Two land auctions were terminated in the Chinese city of Suzhou after bids surpassed limits set by the local government to stem a surge in prices.

Offers on Monday for two plots of land in the manufacturing city, which is 30 minutes by train from Shanghai, exceeded ceilings established in rules released last week by authorities, triggering the automatic cancellation of the online auction, according to a webpage compiled by Suzhou’s land resources bureau. Prices for the two plots, both in the city’s west Gaoxin district, were capped at 1 billion yuan ($153 million) and 2.7 billion yuan, more than double the initial asking prices, according to Bloomberg calculations based on government figures.

China’s government is encouraging local curbs in top economic hubs including Shanghai and Shenzhen, where prices have surged rapidly amid stimulus measures and lower interest rates. New-home prices rose in the most Chinese cities in more than two years in April, with gains in second-tier cities surpassing advances in larger hubs, government data show.

“Developers are now flocking into popular second-tier cities, including Suzhou, for land banks, as the supply in some top hubs is diminishing,” Lu Qilin, a director at Shanghai Homelink Real Estate Agency Co., said. China’s four first-tier cities sold 98 percent less land in April from a year earlier, while supply of plots in second-tier regions rose 42 percent, Lu said.

‘Land Speculation’

Home prices in Suzhou, an advanced manufacturing base attracting suppliers of Apple Inc. and Dell Inc., jumped 48.6 percent last month from a year earlier to 18,128 yuan per square meter, according to China Real Estate Information Corp. Land in the city was purchased at an average premium of 116 percent in April, contributing 3,535 percent more income for the city government than a month earlier, with 34.7 billion yuan in revenue from selling land, according to Shanghai Homelink.

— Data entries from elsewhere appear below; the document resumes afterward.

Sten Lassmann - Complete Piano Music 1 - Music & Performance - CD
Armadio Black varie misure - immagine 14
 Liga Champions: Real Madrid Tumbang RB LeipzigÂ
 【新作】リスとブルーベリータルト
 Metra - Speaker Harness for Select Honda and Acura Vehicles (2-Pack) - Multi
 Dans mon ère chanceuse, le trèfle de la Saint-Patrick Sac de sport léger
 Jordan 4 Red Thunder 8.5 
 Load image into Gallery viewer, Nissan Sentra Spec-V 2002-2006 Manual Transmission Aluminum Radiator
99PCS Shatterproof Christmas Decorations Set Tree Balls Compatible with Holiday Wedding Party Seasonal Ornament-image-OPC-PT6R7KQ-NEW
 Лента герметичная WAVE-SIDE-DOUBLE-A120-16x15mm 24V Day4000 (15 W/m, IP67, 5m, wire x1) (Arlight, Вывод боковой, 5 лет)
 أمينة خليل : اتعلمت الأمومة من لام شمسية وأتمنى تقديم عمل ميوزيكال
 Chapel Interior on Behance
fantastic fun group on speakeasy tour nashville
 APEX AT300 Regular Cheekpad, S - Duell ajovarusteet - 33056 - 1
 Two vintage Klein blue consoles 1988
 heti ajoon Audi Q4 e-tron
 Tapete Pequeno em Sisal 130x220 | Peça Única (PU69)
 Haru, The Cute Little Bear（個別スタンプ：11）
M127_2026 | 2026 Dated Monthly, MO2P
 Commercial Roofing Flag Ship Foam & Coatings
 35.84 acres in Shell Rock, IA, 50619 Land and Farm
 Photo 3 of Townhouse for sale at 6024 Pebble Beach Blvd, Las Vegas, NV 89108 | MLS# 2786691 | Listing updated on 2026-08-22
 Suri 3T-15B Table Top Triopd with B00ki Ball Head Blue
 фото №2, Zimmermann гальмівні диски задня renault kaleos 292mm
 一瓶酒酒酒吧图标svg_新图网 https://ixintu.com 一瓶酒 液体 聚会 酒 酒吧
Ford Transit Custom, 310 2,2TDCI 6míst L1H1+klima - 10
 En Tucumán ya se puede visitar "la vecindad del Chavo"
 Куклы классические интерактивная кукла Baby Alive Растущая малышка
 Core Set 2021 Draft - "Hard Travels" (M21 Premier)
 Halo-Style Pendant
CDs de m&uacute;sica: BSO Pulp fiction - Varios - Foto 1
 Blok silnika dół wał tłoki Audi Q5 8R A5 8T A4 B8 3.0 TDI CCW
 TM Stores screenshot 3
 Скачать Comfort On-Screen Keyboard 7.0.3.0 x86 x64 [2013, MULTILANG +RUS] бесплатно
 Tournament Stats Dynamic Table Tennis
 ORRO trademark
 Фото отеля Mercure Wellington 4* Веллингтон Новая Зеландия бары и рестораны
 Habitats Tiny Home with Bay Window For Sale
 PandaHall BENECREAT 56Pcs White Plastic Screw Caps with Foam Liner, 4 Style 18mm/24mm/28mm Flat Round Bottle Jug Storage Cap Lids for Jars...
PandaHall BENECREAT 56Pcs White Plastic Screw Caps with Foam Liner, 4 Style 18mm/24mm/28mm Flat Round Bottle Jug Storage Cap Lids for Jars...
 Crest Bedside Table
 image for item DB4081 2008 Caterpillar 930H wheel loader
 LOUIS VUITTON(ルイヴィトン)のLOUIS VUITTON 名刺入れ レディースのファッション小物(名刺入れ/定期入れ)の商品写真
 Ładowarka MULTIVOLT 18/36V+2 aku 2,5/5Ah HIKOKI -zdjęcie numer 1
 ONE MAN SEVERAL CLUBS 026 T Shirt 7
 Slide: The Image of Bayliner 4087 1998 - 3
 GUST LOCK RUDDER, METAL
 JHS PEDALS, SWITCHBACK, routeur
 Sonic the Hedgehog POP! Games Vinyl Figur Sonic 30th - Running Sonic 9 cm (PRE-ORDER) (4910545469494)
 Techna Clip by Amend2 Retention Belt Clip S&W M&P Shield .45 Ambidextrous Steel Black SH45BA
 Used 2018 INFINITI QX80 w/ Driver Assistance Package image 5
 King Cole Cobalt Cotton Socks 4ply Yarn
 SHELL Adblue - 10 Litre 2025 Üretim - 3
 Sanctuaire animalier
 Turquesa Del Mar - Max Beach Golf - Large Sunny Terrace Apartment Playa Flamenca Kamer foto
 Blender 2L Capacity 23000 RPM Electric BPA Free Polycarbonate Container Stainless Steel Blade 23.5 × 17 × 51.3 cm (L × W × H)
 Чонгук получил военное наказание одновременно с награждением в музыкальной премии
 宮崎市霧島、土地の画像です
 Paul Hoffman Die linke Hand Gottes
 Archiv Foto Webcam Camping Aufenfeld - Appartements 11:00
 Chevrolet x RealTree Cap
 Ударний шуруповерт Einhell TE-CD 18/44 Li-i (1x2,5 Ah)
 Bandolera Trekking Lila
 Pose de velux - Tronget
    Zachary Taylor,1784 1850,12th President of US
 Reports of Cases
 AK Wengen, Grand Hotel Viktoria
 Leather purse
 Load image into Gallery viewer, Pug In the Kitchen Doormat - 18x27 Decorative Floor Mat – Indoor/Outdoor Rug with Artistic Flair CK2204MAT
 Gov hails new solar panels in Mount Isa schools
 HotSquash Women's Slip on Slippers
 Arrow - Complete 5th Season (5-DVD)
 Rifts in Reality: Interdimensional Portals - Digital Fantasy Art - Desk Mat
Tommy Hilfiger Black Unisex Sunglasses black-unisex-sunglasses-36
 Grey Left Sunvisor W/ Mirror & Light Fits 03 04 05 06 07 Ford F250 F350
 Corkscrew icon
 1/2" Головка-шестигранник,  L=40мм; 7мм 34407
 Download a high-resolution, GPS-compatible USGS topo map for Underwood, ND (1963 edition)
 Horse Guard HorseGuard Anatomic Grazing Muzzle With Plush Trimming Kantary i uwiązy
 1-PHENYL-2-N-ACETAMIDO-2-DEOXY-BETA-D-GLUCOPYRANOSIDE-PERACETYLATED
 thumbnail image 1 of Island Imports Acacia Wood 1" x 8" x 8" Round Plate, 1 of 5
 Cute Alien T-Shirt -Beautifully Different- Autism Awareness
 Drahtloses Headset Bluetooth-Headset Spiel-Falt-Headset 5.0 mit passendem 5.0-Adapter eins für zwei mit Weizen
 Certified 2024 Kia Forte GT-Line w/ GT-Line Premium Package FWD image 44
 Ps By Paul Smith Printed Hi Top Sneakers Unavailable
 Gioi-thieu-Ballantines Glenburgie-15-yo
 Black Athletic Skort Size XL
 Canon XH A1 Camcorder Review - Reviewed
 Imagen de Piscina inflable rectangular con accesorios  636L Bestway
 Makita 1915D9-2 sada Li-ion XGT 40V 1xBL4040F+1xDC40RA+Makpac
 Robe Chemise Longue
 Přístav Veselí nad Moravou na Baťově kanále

The central government cautioned against “sky-high” land prices in a commentary on the official Xinhua News Agency on Monday, saying they are a sign of an unhealthy real estate market.

“China must curb land speculation by local governments,” the commentary wrote, adding to the government’s renewed vow to rein in investors’ home-buying activities. “The soaring land prices will deal a blow to the developers by raising their costs, when they are attempting to dissolve a glut in the third- and fourth-tier cities.”